(Supplied records begins)

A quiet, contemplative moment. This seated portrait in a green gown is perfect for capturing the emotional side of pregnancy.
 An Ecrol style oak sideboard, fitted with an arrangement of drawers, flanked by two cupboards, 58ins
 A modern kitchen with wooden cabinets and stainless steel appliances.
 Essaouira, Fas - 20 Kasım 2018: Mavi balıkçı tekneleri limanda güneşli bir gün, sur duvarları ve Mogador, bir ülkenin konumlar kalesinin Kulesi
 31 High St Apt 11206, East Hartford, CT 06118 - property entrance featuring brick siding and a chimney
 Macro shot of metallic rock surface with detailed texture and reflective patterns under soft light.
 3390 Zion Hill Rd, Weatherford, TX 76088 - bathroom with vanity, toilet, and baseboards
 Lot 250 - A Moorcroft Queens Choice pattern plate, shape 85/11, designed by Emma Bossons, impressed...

(Supplied records ends)

◆ What you should do
The answer should hold the lines from the one containing "31 High St Apt" through the end of the entries above, set down exactly, with both ends included.

◆ Written solution
 31 High St Apt 11206, East Hartford, CT 06118 - property entrance featuring brick siding and a chimney
 Macro shot of metallic rock surface with detailed texture and reflective patterns under soft light.
 3390 Zion Hill Rd, Weatherford, TX 76088 - bathroom with vanity, toilet, and baseboards
 Lot 250 - A Moorcroft Queens Choice pattern plate, shape 85/11, designed by Emma Bossons, impressed...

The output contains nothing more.